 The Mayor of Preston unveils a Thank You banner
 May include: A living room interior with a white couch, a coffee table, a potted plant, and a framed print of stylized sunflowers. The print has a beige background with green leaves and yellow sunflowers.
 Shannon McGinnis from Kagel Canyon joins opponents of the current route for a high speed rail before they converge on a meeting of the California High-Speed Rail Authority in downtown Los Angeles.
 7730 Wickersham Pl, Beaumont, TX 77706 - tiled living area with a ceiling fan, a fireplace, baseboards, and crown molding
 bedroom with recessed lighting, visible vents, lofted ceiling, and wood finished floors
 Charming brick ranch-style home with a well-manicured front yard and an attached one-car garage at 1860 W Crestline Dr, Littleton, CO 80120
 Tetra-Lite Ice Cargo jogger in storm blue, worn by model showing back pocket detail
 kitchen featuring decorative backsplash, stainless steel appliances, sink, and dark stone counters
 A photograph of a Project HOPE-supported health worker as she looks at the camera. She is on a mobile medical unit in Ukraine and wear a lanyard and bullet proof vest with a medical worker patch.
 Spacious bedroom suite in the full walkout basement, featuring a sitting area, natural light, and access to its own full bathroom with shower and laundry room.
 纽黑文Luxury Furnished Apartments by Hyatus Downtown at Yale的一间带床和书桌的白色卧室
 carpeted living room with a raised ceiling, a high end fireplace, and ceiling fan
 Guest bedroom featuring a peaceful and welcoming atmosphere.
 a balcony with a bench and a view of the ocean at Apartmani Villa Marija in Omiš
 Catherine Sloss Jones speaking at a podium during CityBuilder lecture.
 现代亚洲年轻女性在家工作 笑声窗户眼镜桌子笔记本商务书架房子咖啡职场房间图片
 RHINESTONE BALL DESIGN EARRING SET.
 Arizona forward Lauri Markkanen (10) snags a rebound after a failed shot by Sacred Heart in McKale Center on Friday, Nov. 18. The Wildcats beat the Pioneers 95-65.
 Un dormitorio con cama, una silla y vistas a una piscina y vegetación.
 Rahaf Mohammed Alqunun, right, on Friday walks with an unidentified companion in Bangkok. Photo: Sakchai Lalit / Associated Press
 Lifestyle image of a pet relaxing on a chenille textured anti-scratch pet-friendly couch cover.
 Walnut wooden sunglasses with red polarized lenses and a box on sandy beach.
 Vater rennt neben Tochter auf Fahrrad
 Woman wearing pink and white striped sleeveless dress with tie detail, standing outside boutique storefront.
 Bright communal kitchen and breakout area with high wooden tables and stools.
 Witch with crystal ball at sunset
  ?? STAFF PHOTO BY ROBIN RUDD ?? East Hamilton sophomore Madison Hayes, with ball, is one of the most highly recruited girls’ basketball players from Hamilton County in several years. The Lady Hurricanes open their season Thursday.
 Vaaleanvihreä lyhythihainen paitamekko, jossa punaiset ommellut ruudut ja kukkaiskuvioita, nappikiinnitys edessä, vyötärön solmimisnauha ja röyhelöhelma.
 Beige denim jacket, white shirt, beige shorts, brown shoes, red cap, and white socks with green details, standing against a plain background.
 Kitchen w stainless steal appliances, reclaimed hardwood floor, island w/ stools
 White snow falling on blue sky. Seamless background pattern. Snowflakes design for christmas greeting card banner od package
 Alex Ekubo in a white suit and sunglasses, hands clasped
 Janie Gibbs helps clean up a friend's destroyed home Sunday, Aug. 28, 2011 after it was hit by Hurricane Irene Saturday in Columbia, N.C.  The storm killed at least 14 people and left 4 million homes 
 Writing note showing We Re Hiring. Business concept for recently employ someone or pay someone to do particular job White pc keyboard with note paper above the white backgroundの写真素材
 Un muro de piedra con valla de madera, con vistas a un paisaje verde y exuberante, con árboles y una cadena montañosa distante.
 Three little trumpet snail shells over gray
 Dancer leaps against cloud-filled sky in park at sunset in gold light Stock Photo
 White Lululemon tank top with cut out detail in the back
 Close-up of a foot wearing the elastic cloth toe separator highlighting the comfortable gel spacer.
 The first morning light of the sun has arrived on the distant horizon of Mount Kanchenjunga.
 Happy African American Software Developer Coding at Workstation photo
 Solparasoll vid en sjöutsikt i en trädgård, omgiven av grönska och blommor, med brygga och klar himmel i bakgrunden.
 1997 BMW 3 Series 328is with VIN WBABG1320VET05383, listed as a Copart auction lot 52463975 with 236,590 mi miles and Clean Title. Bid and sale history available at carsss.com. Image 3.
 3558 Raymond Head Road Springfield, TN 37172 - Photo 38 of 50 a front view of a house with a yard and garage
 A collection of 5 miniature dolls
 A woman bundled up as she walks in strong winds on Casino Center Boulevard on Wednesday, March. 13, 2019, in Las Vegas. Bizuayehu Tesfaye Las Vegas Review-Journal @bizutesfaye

----

- **INSTRUCTIONS FOR THE TASK**: Each line of the material above must be reproduced exactly.

- **RESPONSE AREA**:
 The Mayor of Preston unveils a Thank You banner
 May include: A living room interior with a white couch, a coffee table, a potted plant, and a framed print of stylized sunflowers. The print has a beige background with green leaves and yellow sunflowers.
 Shannon McGinnis from Kagel Canyon joins opponents of the current route for a high speed rail before they converge on a meeting of the California High-Speed Rail Authority in downtown Los Angeles.
 7730 Wickersham Pl, Beaumont, TX 77706 - tiled living area with a ceiling fan, a fireplace, baseboards, and crown molding
 bedroom with recessed lighting, visible vents, lofted ceiling, and wood finished floors
 Charming brick ranch-style home with a well-manicured front yard and an attached one-car garage at 1860 W Crestline Dr, Littleton, CO 80120
 Tetra-Lite Ice Cargo jogger in storm blue, worn by model showing back pocket detail
 kitchen featuring decorative backsplash, stainless steel appliances, sink, and dark stone counters
 A photograph of a Project HOPE-supported health worker as she looks at the camera. She is on a mobile medical unit in Ukraine and wear a lanyard and bullet proof vest with a medical worker patch.
 Spacious bedroom suite in the full walkout basement, featuring a sitting area, natural light, and access to its own full bathroom with shower and laundry room.
 纽黑文Luxury Furnished Apartments by Hyatus Downtown at Yale的一间带床和书桌的白色卧室
 carpeted living room with a raised ceiling, a high end fireplace, and ceiling fan
 Guest bedroom featuring a peaceful and welcoming atmosphere.
 a balcony with a bench and a view of the ocean at Apartmani Villa Marija in Omiš
 Catherine Sloss Jones speaking at a podium during CityBuilder lecture.
 现代亚洲年轻女性在家工作 笑声窗户眼镜桌子笔记本商务书架房子咖啡职场房间图片
 RHINESTONE BALL DESIGN EARRING SET.
 Arizona forward Lauri Markkanen (10) snags a rebound after a failed shot by Sacred Heart in McKale Center on Friday, Nov. 18. The Wildcats beat the Pioneers 95-65.
 Un dormitorio con cama, una silla y vistas a una piscina y vegetación.
 Rahaf Mohammed Alqunun, right, on Friday walks with an unidentified companion in Bangkok. Photo: Sakchai Lalit / Associated Press
 Lifestyle image of a pet relaxing on a chenille textured anti-scratch pet-friendly couch cover.
 Walnut wooden sunglasses with red polarized lenses and a box on sandy beach.
 Vater rennt neben Tochter auf Fahrrad
 Woman wearing pink and white striped sleeveless dress with tie detail, standing outside boutique storefront.
 Bright communal kitchen and breakout area with high wooden tables and stools.
 Witch with crystal ball at sunset
  ?? STAFF PHOTO BY ROBIN RUDD ?? East Hamilton sophomore Madison Hayes, with ball, is one of the most highly recruited girls’ basketball players from Hamilton County in several years. The Lady Hurricanes open their season Thursday.
 Vaaleanvihreä lyhythihainen paitamekko, jossa punaiset ommellut ruudut ja kukkaiskuvioita, nappikiinnitys edessä, vyötärön solmimisnauha ja röyhelöhelma.
 Beige denim jacket, white shirt, beige shorts, brown shoes, red cap, and white socks with green details, standing against a plain background.
 Kitchen w stainless steal appliances, reclaimed hardwood floor, island w/ stools
 White snow falling on blue sky. Seamless background pattern. Snowflakes design for christmas greeting card banner od package
 Alex Ekubo in a white suit and sunglasses, hands clasped
 Janie Gibbs helps clean up a friend's destroyed home Sunday, Aug. 28, 2011 after it was hit by Hurricane Irene Saturday in Columbia, N.C.  The storm killed at least 14 people and left 4 million homes 
 Writing note showing We Re Hiring. Business concept for recently employ someone or pay someone to do particular job White pc keyboard with note paper above the white backgroundの写真素材
 Un muro de piedra con valla de madera, con vistas a un paisaje verde y exuberante, con árboles y una cadena montañosa distante.
 Three little trumpet snail shells over gray
 Dancer leaps against cloud-filled sky in park at sunset in gold light Stock Photo
 White Lululemon tank top with cut out detail in the back
 Close-up of a foot wearing the elastic cloth toe separator highlighting the comfortable gel spacer.
 The first morning light of the sun has arrived on the distant horizon of Mount Kanchenjunga.
 Happy African American Software Developer Coding at Workstation photo
 Solparasoll vid en sjöutsikt i en trädgård, omgiven av grönska och blommor, med brygga och klar himmel i bakgrunden.
 1997 BMW 3 Series 328is with VIN WBABG1320VET05383, listed as a Copart auction lot 52463975 with 236,590 mi miles and Clean Title. Bid and sale history available at carsss.com. Image 3.
 3558 Raymond Head Road Springfield, TN 37172 - Photo 38 of 50 a front view of a house with a yard and garage
 A collection of 5 miniature dolls
 A woman bundled up as she walks in strong winds on Casino Center Boulevard on Wednesday, March. 13, 2019, in Las Vegas. Bizuayehu Tesfaye Las Vegas Review-Journal @bizutesfaye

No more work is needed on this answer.